Thank you @Aklapper ! I did not realize it was possible to create private image files here. I believe I have now updated the image to allow all to view. Please let me know if you still have problems (and I will watch out for this in the future).

@Peteforsyth: Thanks, I can see it now :)
And yes, image file permissions are a bit complicated, see https://www.mediawiki.org/wiki/Phabricator/Help#Uploading_file_attachments

Ankry added a subscriber: Ankry.Jul 4 2019, 8:16 PM

@Peteforsyth, I quite often encounter this problem while uploading a new version of a multi-page file with thousands of thumbnails (generally files with >500 pages).
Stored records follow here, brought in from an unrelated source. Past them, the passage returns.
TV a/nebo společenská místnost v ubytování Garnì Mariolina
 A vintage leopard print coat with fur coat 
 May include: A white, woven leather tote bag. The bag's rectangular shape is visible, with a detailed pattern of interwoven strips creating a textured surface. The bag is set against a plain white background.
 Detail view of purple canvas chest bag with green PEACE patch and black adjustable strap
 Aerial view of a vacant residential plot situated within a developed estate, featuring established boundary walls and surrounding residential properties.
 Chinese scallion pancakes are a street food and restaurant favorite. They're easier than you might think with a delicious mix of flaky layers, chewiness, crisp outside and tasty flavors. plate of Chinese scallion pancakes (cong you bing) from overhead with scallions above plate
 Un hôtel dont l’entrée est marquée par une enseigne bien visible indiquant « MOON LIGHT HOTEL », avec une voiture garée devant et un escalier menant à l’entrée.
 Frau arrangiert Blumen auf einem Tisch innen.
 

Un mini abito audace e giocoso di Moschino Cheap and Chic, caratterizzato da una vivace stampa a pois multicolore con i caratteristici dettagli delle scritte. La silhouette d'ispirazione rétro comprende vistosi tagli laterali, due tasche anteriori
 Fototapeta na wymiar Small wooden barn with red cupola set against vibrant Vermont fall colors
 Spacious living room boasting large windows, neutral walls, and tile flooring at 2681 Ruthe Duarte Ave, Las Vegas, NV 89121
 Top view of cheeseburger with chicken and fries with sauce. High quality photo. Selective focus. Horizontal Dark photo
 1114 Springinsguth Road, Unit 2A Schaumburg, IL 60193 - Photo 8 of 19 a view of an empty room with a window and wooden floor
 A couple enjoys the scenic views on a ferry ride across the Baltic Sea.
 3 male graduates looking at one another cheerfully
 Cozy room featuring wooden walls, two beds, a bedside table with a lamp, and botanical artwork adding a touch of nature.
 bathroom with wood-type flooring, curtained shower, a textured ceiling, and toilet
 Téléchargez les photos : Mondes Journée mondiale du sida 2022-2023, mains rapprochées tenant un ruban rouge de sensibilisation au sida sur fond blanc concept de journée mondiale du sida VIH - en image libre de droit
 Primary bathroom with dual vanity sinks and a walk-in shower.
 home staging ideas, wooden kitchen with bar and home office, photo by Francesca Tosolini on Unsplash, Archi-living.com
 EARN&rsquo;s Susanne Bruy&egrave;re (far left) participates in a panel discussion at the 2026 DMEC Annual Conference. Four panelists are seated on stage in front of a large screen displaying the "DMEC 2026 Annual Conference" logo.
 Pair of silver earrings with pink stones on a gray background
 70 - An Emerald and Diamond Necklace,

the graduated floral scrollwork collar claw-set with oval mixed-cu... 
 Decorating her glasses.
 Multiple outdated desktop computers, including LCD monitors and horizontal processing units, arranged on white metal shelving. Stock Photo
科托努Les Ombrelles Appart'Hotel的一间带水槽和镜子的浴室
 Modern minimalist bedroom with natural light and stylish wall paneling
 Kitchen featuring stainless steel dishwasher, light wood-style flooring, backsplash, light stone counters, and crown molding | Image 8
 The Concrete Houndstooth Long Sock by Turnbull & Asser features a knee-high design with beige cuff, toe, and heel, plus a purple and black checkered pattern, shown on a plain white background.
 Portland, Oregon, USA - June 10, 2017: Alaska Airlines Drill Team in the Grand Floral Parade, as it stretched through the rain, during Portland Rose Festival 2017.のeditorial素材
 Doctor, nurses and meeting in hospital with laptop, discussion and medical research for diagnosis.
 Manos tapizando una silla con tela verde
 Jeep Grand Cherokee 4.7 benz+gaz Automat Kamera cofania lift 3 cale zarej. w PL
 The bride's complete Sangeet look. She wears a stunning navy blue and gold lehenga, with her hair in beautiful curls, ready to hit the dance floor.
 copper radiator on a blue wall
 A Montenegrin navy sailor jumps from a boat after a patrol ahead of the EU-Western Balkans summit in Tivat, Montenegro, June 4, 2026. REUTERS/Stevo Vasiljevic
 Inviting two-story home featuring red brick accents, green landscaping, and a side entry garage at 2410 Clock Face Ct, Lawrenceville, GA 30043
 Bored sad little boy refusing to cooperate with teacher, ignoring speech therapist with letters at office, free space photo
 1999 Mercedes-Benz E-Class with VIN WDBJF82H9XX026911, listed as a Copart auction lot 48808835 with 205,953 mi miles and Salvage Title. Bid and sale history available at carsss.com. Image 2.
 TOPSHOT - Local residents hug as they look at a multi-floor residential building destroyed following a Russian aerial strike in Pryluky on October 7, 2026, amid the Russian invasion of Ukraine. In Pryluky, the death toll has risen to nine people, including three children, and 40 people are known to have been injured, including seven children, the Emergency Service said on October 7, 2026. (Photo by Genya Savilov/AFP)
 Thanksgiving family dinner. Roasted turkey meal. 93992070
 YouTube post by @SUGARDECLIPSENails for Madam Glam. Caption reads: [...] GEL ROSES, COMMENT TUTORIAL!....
See eg T206190 or T214759 .
I know 3 workarounds to deal with this problem in Wikisource (when this already happen):

  1. change scan with in index after upload a new version (if they are 1px wider/narrower new thumbnails must be generated
  2. use js to replace thumbnails for specific pages with thumbnails with other names; see example in pl.ws MadiaWiki:Commons.js :

https://pl.wikisource.org/w/index.php?title=MediaWiki:Common.js&diff=prev&oldid=2188790
(useful for few already existing pages)

  1. upload the file locally

From my experience, the outdated thumbnails seem to disapear after few weeks to half a year.

To avoid this problem, I often try to purge the file (few times if it fails) prior to upload a new version. If the purge fails you may be almost 100% sure to encounter the problem.

Gilles added a subscriber: Gilles.

This seems to be an issue with the thumbnail purge. Possibly due to the large amount of thumbnails associated with a file that has hundreds of pages. Thumbor, when requested with new sizes (i.e. when the old cached versions aren't served), renders the expected pages.

I tried purging the file right now with action=purge and get a "maintenance" error, further suggesting a purge problem.